--- DATA RECORDS Enclosed Below ---
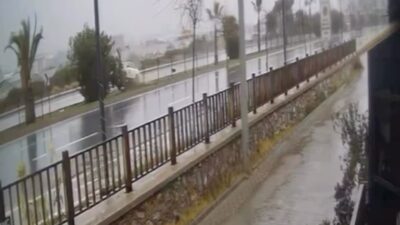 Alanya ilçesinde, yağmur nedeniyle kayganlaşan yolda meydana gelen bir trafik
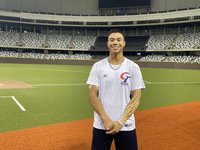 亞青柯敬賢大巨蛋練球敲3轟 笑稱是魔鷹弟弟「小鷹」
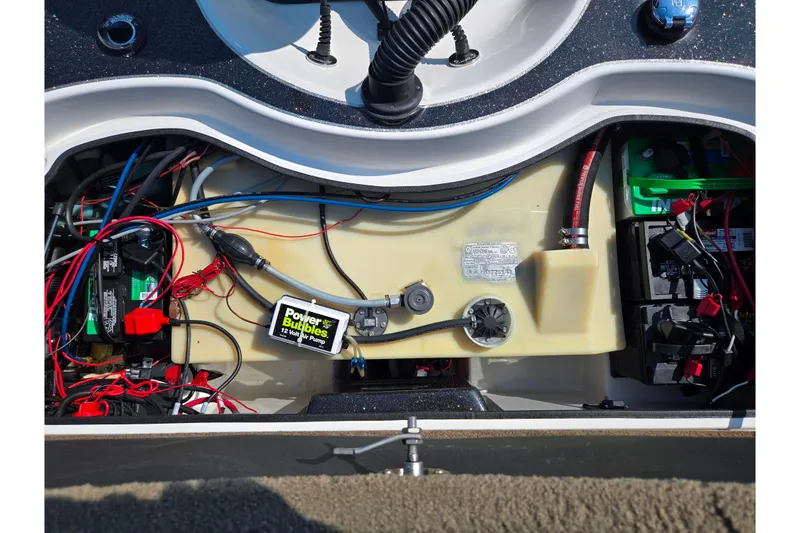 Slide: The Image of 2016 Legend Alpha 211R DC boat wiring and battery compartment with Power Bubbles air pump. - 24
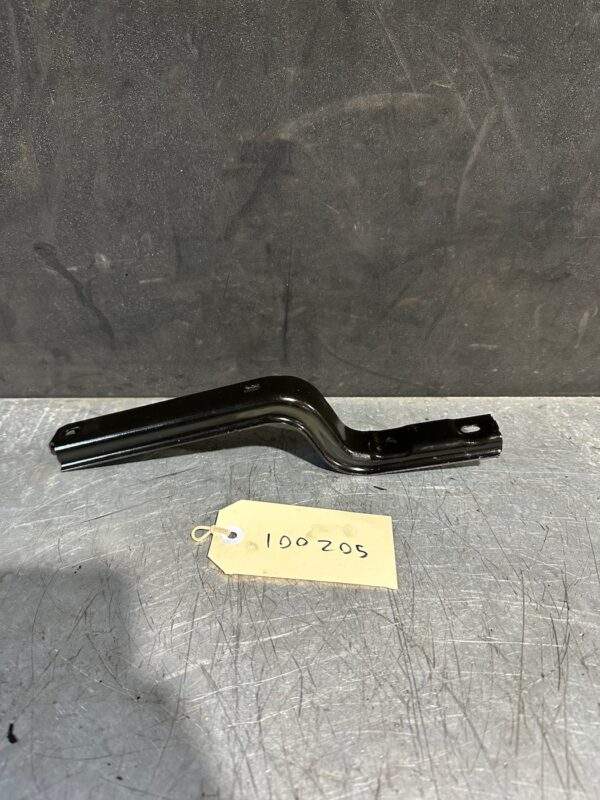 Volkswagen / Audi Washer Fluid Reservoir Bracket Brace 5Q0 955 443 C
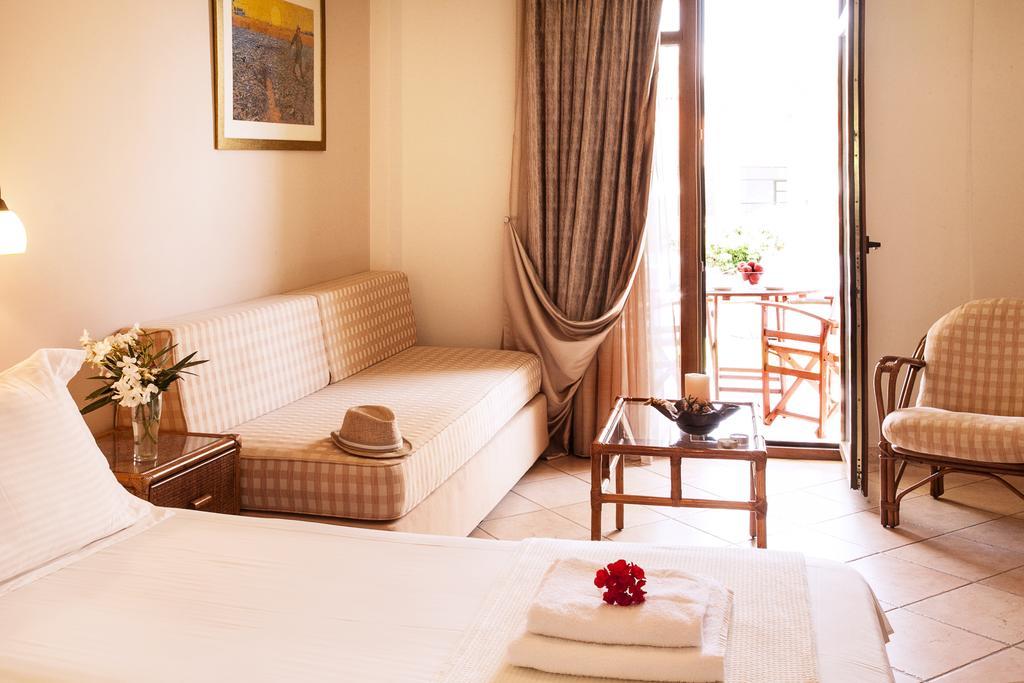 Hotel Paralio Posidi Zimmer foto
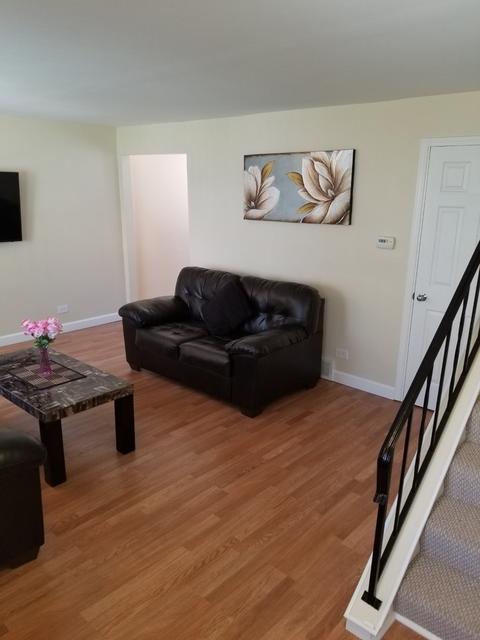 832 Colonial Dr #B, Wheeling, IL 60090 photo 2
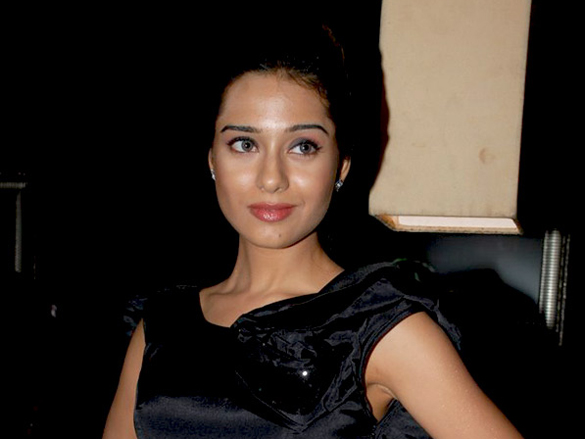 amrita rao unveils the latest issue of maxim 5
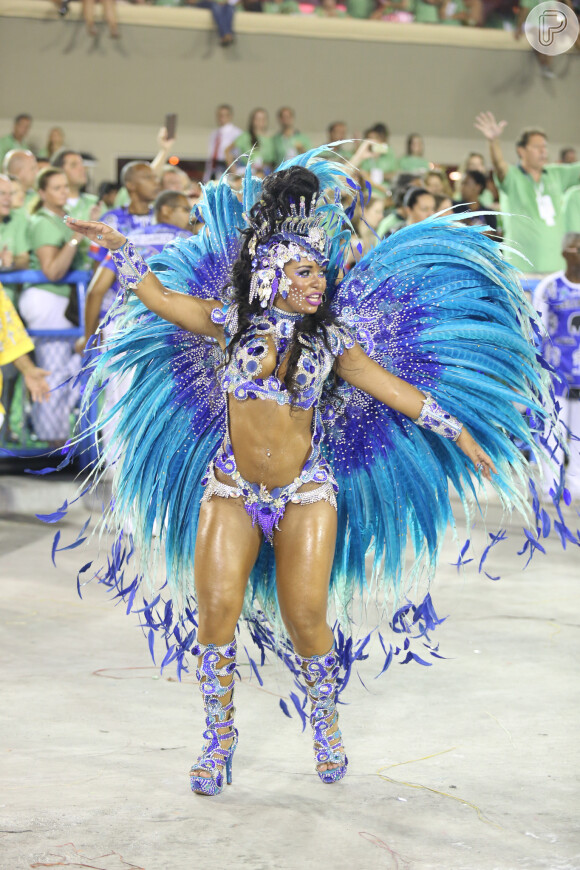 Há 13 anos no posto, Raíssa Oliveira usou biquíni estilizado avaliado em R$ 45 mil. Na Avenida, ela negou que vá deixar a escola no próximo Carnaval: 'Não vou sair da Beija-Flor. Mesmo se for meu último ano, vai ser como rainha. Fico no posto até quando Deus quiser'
--- End of Enclosed DATA RECORDS ---
WHAT IS EXPECTED: Exactly reproduce the lines that run from the first line of the listing above to the line containing "amrita rao unveils", including both; omit the pictures.

ANSWER FOR THE TASK:
 Alanya ilçesinde, yağmur nedeniyle kayganlaşan yolda meydana gelen bir trafik
 亞青柯敬賢大巨蛋練球敲3轟 笑稱是魔鷹弟弟「小鷹」
 Slide: The Image of 2016 Legend Alpha 211R DC boat wiring and battery compartment with Power Bubbles air pump. - 24
 Volkswagen / Audi Washer Fluid Reservoir Bracket Brace 5Q0 955 443 C
 Hotel Paralio Posidi Zimmer foto
 832 Colonial Dr #B, Wheeling, IL 60090 photo 2
 amrita rao unveils the latest issue of maxim 5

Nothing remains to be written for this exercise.